Dubai Courts
- Seal of the Dubai Courts

Agency overview
- Formed: September 8, 1970; 55 years ago
- Jurisdiction: Emirate of Dubai
- Headquarters: Dubai, United Arab Emirates
- Agency executive: Taresh Eid Al Mansouri, Director-General;
- Website: www.dc.gov.ae

= Dubai Courts =

Dubai government department

The Dubai Courts (محاكم دبي) are a Government of Dubai department responsible for the management, administration, hearing and issuing of judicial judgements for the Emirate of Dubai. The department is led by a Director-General who sits at the Dubai Executive Council and reports directly to the ruler of Dubai. The department has been led by Director-General Tarish Eid Al Mansouri since 2014.

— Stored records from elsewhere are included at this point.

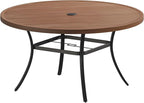 VICLLAX Outdoor Patio Round Dining Table, 53"x 53" Metal Slatted Round Tabletop with Adjustable Umbrella Hole for Deck Lawn Garden Backyard, Walnut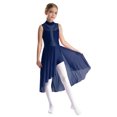 thumbnail image 1 of RUNQHUI Robe de Danse Ballet à Sequins pour Filles, Robe de Patinage Artistique Sans Manches Ourlet Irrégulier en Maille Bleu Marine 16, 1 of 7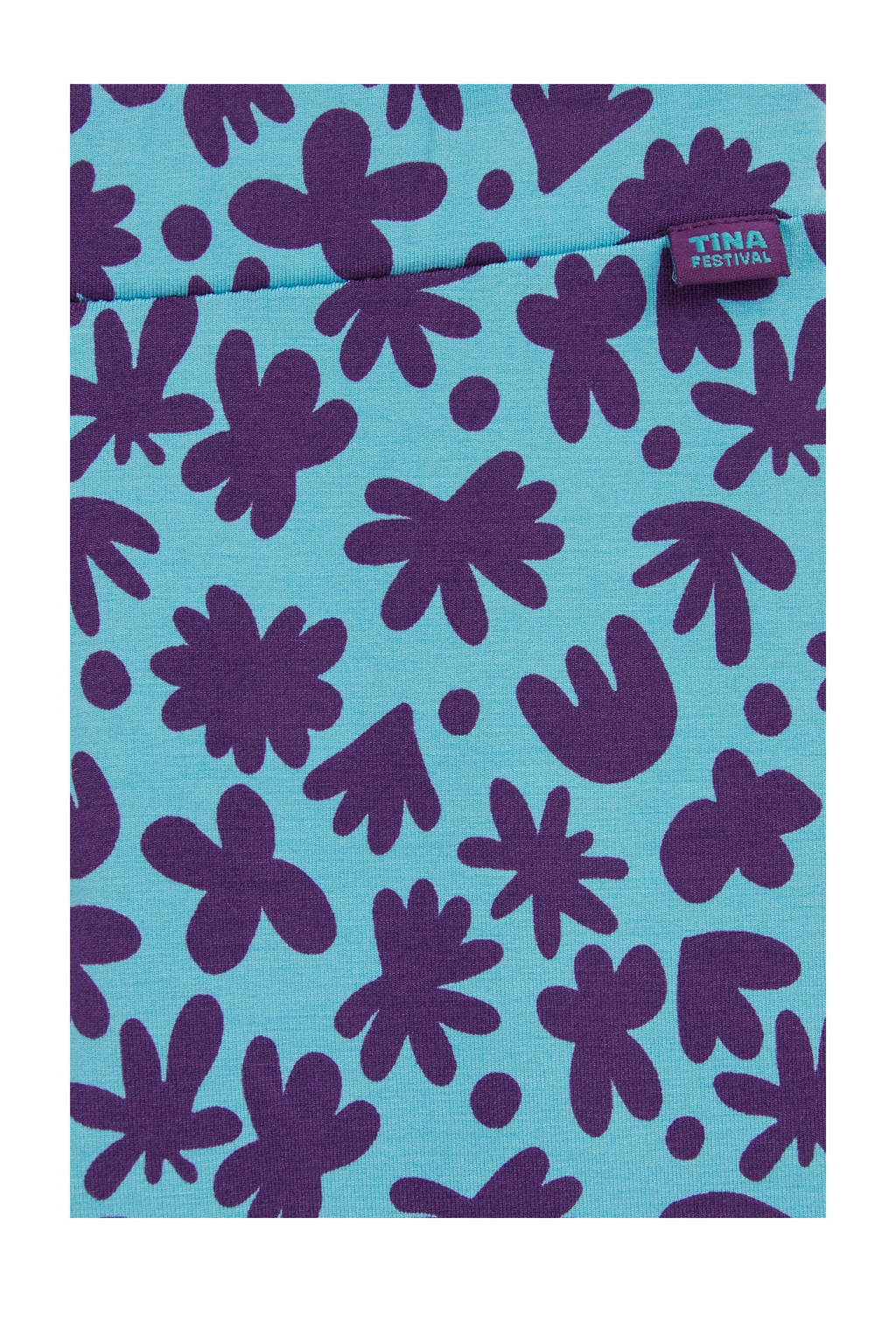 WE Fashion broek met all over print lichtblauw/paars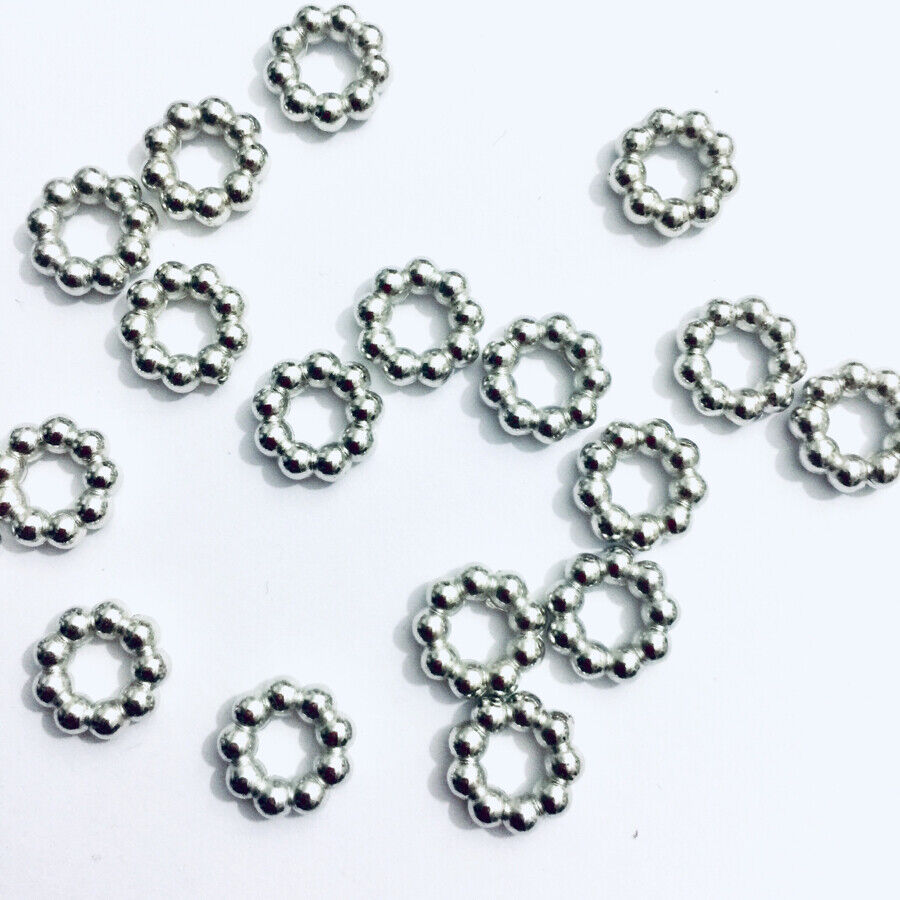 150x Silver 12mmx3mm Ring Beads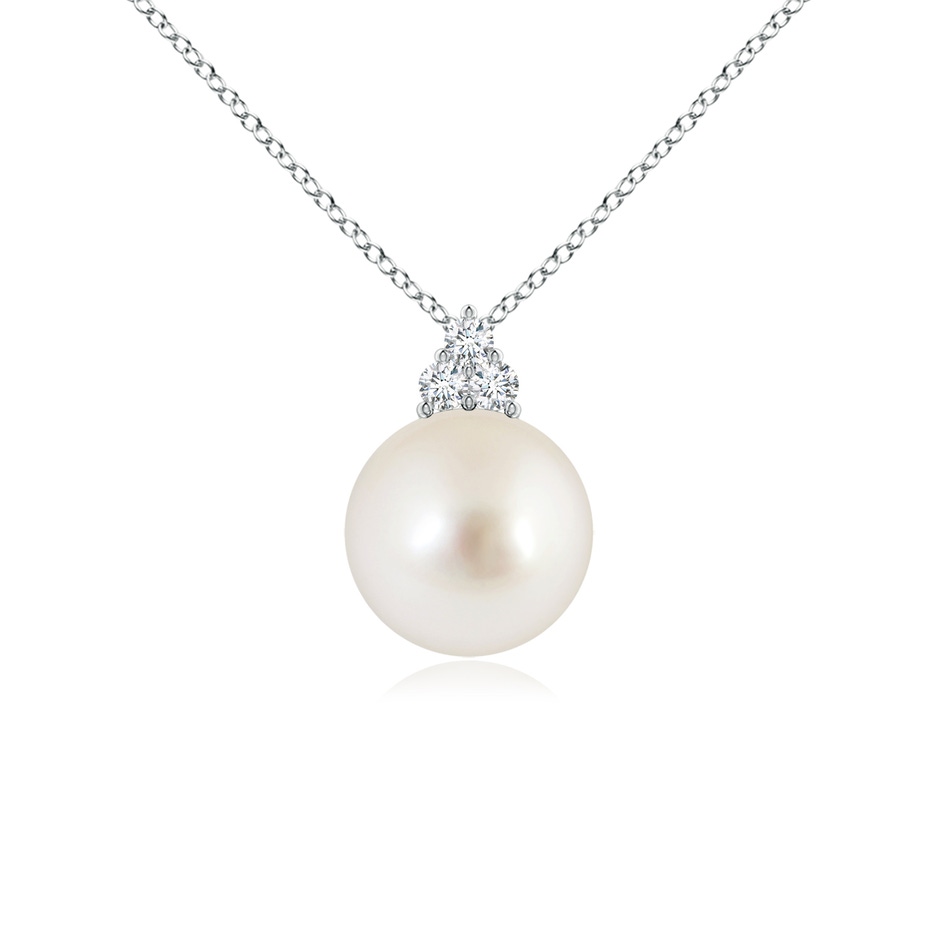 9mm AAAA South Sea Pearl and Trio Diamond Pendant in P950 Platinum 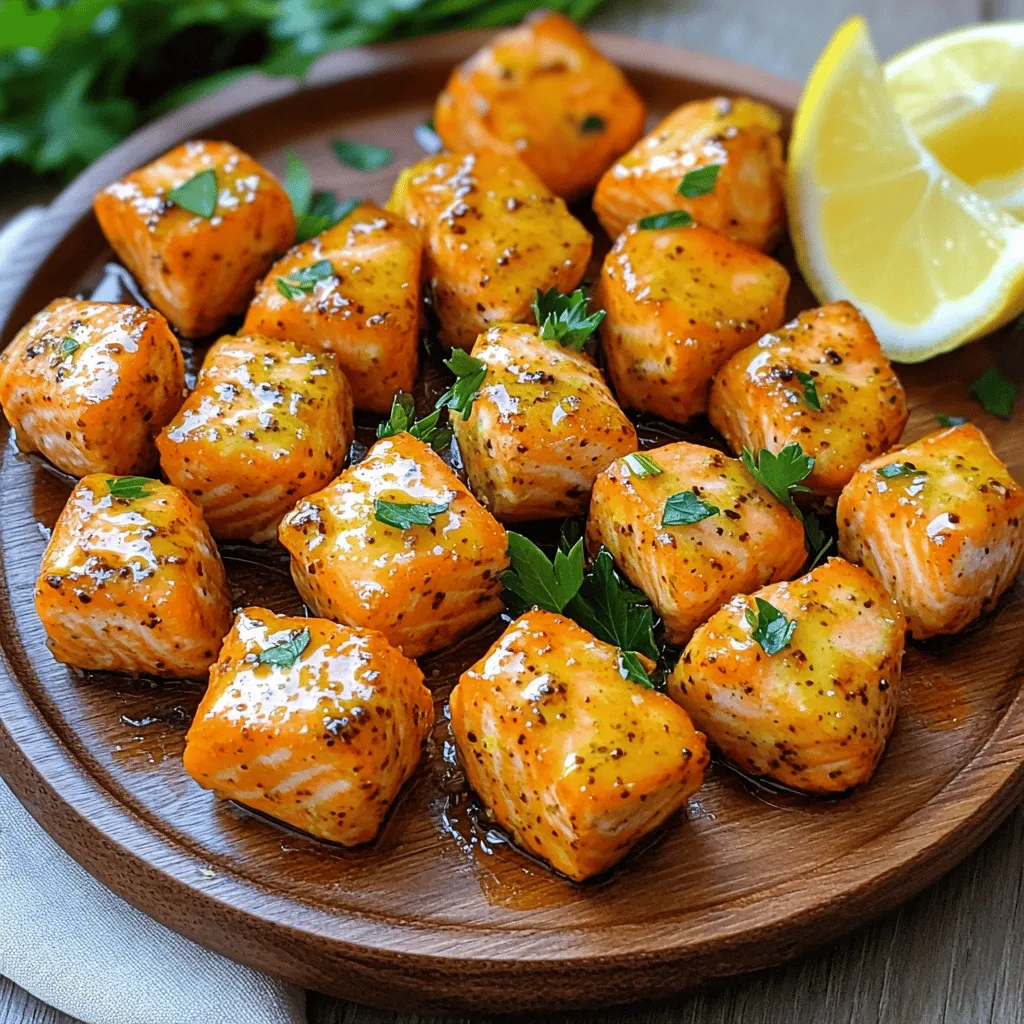 - 1 lb skinless salmon fillet, cut into bite-sized cubes - 2 tablespoons extra virgin olive oil - Zest of 1 lemon - 2 tablespoons fresh lemon juice I love using skinless salmon for this dish. It cooks quickly and stays moist. Cut the salmon into bite-sized cubes. This shape helps the salmon cook evenly and makes it easy to eat. The fresh lemon juice and zest bring a bright flavor that pairs perfectly with the salmon. - 1 teaspoon freshly cracked black pepper - 1 teaspoon garlic powder - 1 teaspoon onion powder - 1/2 teaspoon sea salt These seasonings are key to making this dish pop. The black pepper adds heat, while garlic and onion powders give it depth. The sea salt enhances all the flavors. Mix these with the olive oil and lemon juice to make a tasty marinade. This step is vital for that zesty kick. - Fresh parsley, finely chopped (for garnish) - Lemon wedges (for serving) Garnishing is the finishing touch that makes your dish look amazing. I like to sprinkle fresh parsley on top. It adds a nice color and fresh taste. Serve lemon wedges on the side for an extra zing. Squeezing fresh lemon juice over the salmon bites right before eating elevates the flavor. Enjoy these bites hot for the best taste! To make the marinade, grab a medium bowl. Add 2 tablespoons of extra virgin olive oil. Then, zest one lemon into the bowl. This adds a bright, fresh taste. Next, squeeze in 2 tablespoons of fresh lemon juice. The juice will make the salmon juicy and flavorful. Add 1 teaspoon of freshly cracked black pepper for a kick. Then, sprinkle in 1 teaspoon of garlic powder and 1 teaspoon of onion powder. These spices give the salmon depth. Finally, add 1/2 teaspoon of sea salt. Whisk all the ingredients together until everything blends well. The marinade will smell amazing! Now, take 1 pound of skinless salmon fillet and cut it into bite-sized cubes. Carefully place the salmon cubes into the bowl with your marinade. Gently toss the salmon to coat each piece. Make sure every cube is covered with the marinade. This step is key for flavor. Let the salmon sit at room temperature for about 15 minutes. This lets the flavors soak in and makes every bite taste great. Preheat your air fryer to 400°F (200°C). This should take about 3-5 minutes. A hot air fryer cooks the salmon evenly. After preheating, arrange the marinated salmon bites in a single layer in the air fryer basket. Make sure to leave space between each piece. This helps them cook properly and become crispy. Cook the salmon bites for 8-10 minutes. Halfway through, gently shake the basket. This ensures even cooking. When done, the salmon should look cooked through and have a nice golden edge. Carefully take the salmon bites out and place them on a serving plate. Enjoy your flavorful salmon bites! To get the best salmon bites, start with fresh salmon. I use skinless fillets for a tender texture. Cut the salmon into even, bite-sized cubes. This helps them cook evenly. Marinate the salmon for at least 15 minutes. This gives the flavors time to soak in. If you can, let it sit longer, but 15 minutes works great! For crispy salmon, use the right oil. I recommend extra virgin olive oil. It helps brown the salmon and adds flavor. Arrange the pieces in a single layer in the air fryer basket. Avoid overcrowding; this is key for crispiness. Shake the basket halfway through cooking. This promotes even cooking and helps achieve that delightful crunch. Set your air fryer to 400°F (200°C). Preheat it for 3-5 minutes before adding the salmon. Cook the salmon bites for 8-10 minutes. Check for doneness; they should look golden and slightly crispy. If you prefer your salmon a bit more done, add an extra minute or two. {{image_4}} You can change the taste of your salmon with different herbs and spices. Try adding dill for a fresh, herby flavor. A touch of smoked paprika can give a nice kick. You might enjoy using cumin for a warm, earthy taste. Experiment with fresh herbs like basil or cilantro for a twist. Each herb can bring a unique touch to your lemon pepper salmon bites. You can cook your salmon bites in an oven if you don't have an air fryer. Preheat the oven to 425°F (220°C). Arrange the salmon bites on a baking sheet lined with parchment paper. Bake for 12-15 minutes or until cooked through. The oven gives a different texture, but it still tastes great. The air fryer offers a crispier finish, while the oven provides a more gentle cook. Consider serving your salmon bites with a variety of sides. A fresh salad with mixed greens is a great choice. You can also serve them with roasted veggies for added flavor. For dips, try a simple yogurt sauce or a zesty garlic aioli. These options will enhance the meal and give you different tastes with every bite. Enjoy crafting your perfect plate! After cooking, let the salmon bites cool down. Place them in an airtight container. You can keep them in the fridge for up to three days. If you want to save them longer, freezing is a great option. To reheat salmon bites, use an air fryer or oven. Preheat the air fryer to 350°F (175°C). Heat for about 5-7 minutes. This keeps them crispy. If using an oven, set it to 350°F (175°C) and heat for about 10 minutes. Avoid the microwave to keep texture. You can freeze marinated salmon bites before cooking. Lay them on a tray and freeze until firm. Then, transfer to a freezer bag. They can last up to three months. When ready to cook, thaw in the fridge overnight. Cook as normal after thawing. Yes, you can use skin-on salmon. The skin adds flavor and texture. Just be sure to remove the skin after cooking if you prefer skinless bites. Skin-on salmon may take a bit longer to cook, so check it closely. These salmon bites taste great with many sides. Here are some ideas: - Steamed broccoli - Garlic mashed potatoes - Quinoa salad - Roasted asparagus - Garden salad These sides balance the lemony flavor of the salmon. You should air fry salmon for 8 to 10 minutes. This timing works well for bite-sized pieces. Remember to shake the basket halfway through cooking. This helps ensure even cooking. Yes, marinating the salmon overnight is fine. It allows the flavors to deepen. Just keep it in the fridge. When ready to cook, take it out and let it sit at room temperature for about 15 minutes. This helps with even cooking. If you don’t have an air fryer, you can bake the salmon bites. Preheat your oven to 400°F (200°C). Place the salmon bites on a baking sheet. Bake for about 12 to 15 minutes. Make sure to watch them closely for doneness. In this article, we explored how to make delicious air fryer lemon pepper salmon bites. You learned about the main ingredients, seasonings, and serving options. I shared step-by-step instructions for marinating and cooking the bites. Tips helped ensure your salmon turns out perfect and crispy every time. We also discussed variations, storage, and FAQs to clear up any doubts. Enjoy making this tasty dish! You now have all the tools to impress everyone at your next meal.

Dubai Courts is the main department responsible for the judicial branch of the Emirate of Dubai, and operates independently of the Dubai Public Prosecution, and the Dubai Legal Affairs department which represents the Government of Dubai in legal matters. It has jurisdiction across the Emirate, except for specific free economic zones like the Dubai International Financial Centre which may retain special jurisdiction for commercial and labour matters.

== History ==
Judicial enforcement in Dubai was informally led by the sheikh or ruler in 1833, solving simple disputes between individuals, and who would often invite scholars to act as judges, often issuing verdicts in their homes, such as Justice Sheikh Mohammed Bin Abdul Salam Al Margharbi, a scholar from Morocco that acted as a judge for the emirate in the early 1900s. In 1938 then-ruler of Dubai, Saeed bin Maktoum bin Hasher Al Maktoum issued a decree for his brother to resolve judicial and legal disputes, and eventually taking residence in Naif Fort, the first headquarters of the then-named Dubai Department of Justice. By 1958, a judicial body of 3 judges was formed to hear disputes between locals, and disputes that involves foreigners were heard by a British commission as part of the Trucial States.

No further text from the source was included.